On September 6, 2021, Hill tore his Achilles, prematurely ending his season. He was placed on injured reserve on September 8.

On March 17, 2023, Hill signed a two-year contract extension with the Ravens. On September 20, 2024, Hill agreed to a new two–year, $6 million contract extension with Baltimore.

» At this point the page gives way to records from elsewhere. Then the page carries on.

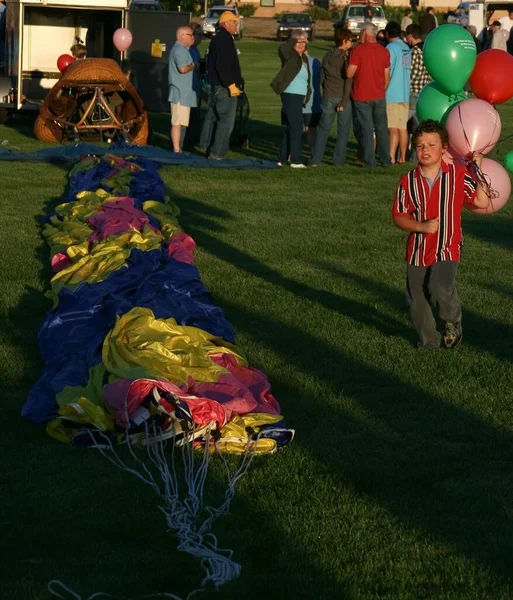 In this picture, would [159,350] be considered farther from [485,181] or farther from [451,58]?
[451,58]

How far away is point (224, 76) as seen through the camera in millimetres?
17109

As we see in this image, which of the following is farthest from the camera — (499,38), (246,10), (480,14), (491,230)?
(246,10)

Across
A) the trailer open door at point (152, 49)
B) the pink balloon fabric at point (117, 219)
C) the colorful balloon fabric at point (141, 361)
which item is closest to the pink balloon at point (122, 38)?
the trailer open door at point (152, 49)

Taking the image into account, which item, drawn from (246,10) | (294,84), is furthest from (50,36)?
(246,10)

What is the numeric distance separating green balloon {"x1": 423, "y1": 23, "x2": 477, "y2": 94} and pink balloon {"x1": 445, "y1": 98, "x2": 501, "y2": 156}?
0.75 meters

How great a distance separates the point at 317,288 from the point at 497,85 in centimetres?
220

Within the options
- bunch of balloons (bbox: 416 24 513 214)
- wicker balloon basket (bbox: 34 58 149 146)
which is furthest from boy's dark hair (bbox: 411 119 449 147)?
wicker balloon basket (bbox: 34 58 149 146)

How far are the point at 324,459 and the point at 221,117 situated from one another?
39.1 feet

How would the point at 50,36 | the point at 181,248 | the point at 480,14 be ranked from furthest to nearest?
the point at 480,14
the point at 50,36
the point at 181,248

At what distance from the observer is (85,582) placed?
15.2 ft

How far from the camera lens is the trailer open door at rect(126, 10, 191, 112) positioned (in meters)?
21.4

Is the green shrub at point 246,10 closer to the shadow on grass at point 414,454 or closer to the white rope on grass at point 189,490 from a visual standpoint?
the shadow on grass at point 414,454

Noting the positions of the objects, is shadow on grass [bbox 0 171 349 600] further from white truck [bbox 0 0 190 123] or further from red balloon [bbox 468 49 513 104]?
white truck [bbox 0 0 190 123]

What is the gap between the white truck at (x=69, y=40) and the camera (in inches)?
834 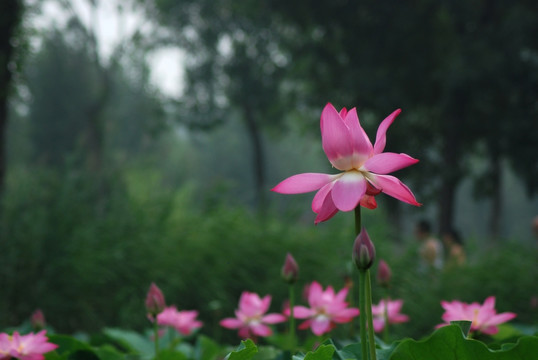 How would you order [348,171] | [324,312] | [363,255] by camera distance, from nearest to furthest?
[363,255], [348,171], [324,312]

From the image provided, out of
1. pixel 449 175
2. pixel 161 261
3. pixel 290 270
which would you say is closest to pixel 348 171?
pixel 290 270

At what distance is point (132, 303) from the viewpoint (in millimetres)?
3777

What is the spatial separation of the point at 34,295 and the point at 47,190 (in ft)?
4.19

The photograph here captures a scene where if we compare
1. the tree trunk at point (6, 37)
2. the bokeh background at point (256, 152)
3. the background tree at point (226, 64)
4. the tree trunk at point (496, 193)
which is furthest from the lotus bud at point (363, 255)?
the background tree at point (226, 64)

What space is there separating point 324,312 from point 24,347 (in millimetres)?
878

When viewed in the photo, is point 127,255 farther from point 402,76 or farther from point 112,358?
point 402,76

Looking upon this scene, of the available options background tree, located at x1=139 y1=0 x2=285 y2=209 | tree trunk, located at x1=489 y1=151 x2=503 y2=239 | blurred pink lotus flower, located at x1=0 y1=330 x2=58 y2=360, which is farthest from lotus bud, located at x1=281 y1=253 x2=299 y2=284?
background tree, located at x1=139 y1=0 x2=285 y2=209

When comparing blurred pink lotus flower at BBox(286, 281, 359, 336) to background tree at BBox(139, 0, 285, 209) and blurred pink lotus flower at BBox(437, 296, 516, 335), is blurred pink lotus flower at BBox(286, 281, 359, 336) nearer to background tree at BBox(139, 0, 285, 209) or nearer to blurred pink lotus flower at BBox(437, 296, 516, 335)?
blurred pink lotus flower at BBox(437, 296, 516, 335)

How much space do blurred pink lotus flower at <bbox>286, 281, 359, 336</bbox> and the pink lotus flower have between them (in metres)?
0.67

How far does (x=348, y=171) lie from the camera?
1.09 meters

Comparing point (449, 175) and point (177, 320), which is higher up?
point (449, 175)

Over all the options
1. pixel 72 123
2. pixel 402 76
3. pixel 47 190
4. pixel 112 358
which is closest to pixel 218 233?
pixel 47 190

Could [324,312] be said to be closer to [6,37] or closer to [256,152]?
[6,37]

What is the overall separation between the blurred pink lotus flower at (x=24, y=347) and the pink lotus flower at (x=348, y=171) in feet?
2.59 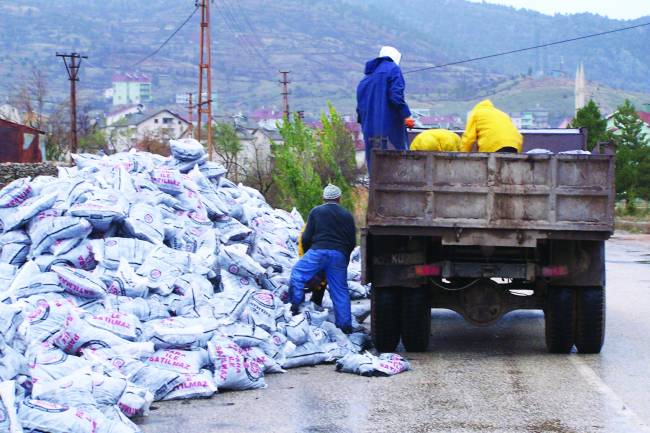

Hill began the 2025 season as Baltimore's third-string running back behind Derrick Henry and Keaton Mitchell. In 10 appearances for the team, he recorded 18 carries for 93 yards and two touchdowns; he also logged 21 receptions for 169 yards and one touchdowns. On November 27, 2025, Hill was placed on injured reserve after suffering a neck injury in practice.

Pre-draft measurables
| Height | Weight | Arm length | Hand span | Wingspan | 40-yard dash | 10-yard split | 20-yard split | Vertical jump | Broad jump | Bench press |
| 5 ft 9+5⁄8 in (1.77 m) | 198 lb (90 kg) | 31+5⁄8 in (0.80 m) | 9+1⁄2 in (0.24 m) | 6 ft 2+7⁄8 in (1.90 m) | 4.40 s | 1.48 s | 2.60 s | 40.0 in (1.02 m) | 10 ft 10 in (3.30 m) | 21 reps |
All values from NFL Combine

==NFL career statistics==

Legend
| Bold | Career high |

===Regular season===

| Year | Team | Games |  | Rushing |  |  |  |  | Receiving |  |  |  |  | Fumbles |  |
| GP | GS | Att | Yds | Avg | Lng | TD | Rec | Yds | Avg | Lng | TD | Fum | Lost |
| 2019 | BAL | 16 | 0 | 58 | 225 | 3.9 | 18 | 2 | 8 | 70 | 8.8 | 14 | 0 | 0 | 0 |
| 2020 | BAL | 12 | 0 | 12 | 60 | 5.0 | 19 | 0 | 5 | 20 | 4.0 | 8 | 0 | 0 | 0 |
| 2021 | BAL | 0 | 0 | Did not play due to injury |  |  |  |  |  |  |  |  |  |  |  |
| 2022 | BAL | 15 | 0 | 49 | 262 | 5.3 | 34 | 0 | 12 | 58 | 4.8 | 15 | 0 | 2 | 1 |
| 2023 | BAL | 16 | 5 | 84 | 387 | 4.6 | 41 | 3 | 28 | 206 | 7.4 | 24 | 1 | 1 | 1 |
| 2024 | BAL | 15 | 0 | 47 | 228 | 4.9 | 51 | 1 | 42 | 383 | 9.1 | 27 | 3 | 0 | 0 |
| 2025 | BAL | 10 | 0 | 18 | 93 | 5.2 | 71 | 2 | 21 | 169 | 8.0 | 37 | 1 | 1 | 0 |
| Career |  | 84 | 5 | 268 | 1255 | 4.7 | 71 | 8 | 116 | 906 | 7.8 | 37 | 5 | 4 | 2 |

===Postseason===

| Year | Team | Games |  | Rushing |  |  |  |  | Receiving |  |  |  |  | Fumbles |  |
| GP | GS | Att | Yds | Avg | Lng | TD | Rec | Yds | Avg | Lng | TD | Fum | Lost |
| 2019 | BAL | 1 | 0 | 0 | 0 | 0.0 | — | 0 | 4 | 26 | 6.5 | 14 | 0 | 0 | 0 |
| 2020 | BAL | 2 | 0 | 0 | 0 | 0.0 | — | 0 | 0 | 0 | 0.0 | — | 0 | 0 | 0 |
| 2022 | BAL | 1 | 0 | 0 | 0 | 0.0 | — | 0 | 2 | 10 | 5.0 | 9 | 0 | 0 | 0 |
| 2023 | BAL | 2 | 2 | 16 | 69 | 4.3 | 14 | 0 | 6 | 45 | 7.5 | 11 | 0 | 0 | 0 |
| 2024 | BAL | 2 | 0 | 12 | 62 | 5.2 | 22 | 0 | 6 | 20 | 3.3 | 7 | 1 | 0 | 0 |
| Career |  | 8 | 2 | 28 | 131 | 4.7 | 22 | 0 | 18 | 101 | 5.6 | 14 | 1 | 0 | 0 |

==Personal life==
His brother, Daxton Hill, was selected by the Cincinnati Bengals in the first round of the 2022 NFL draft.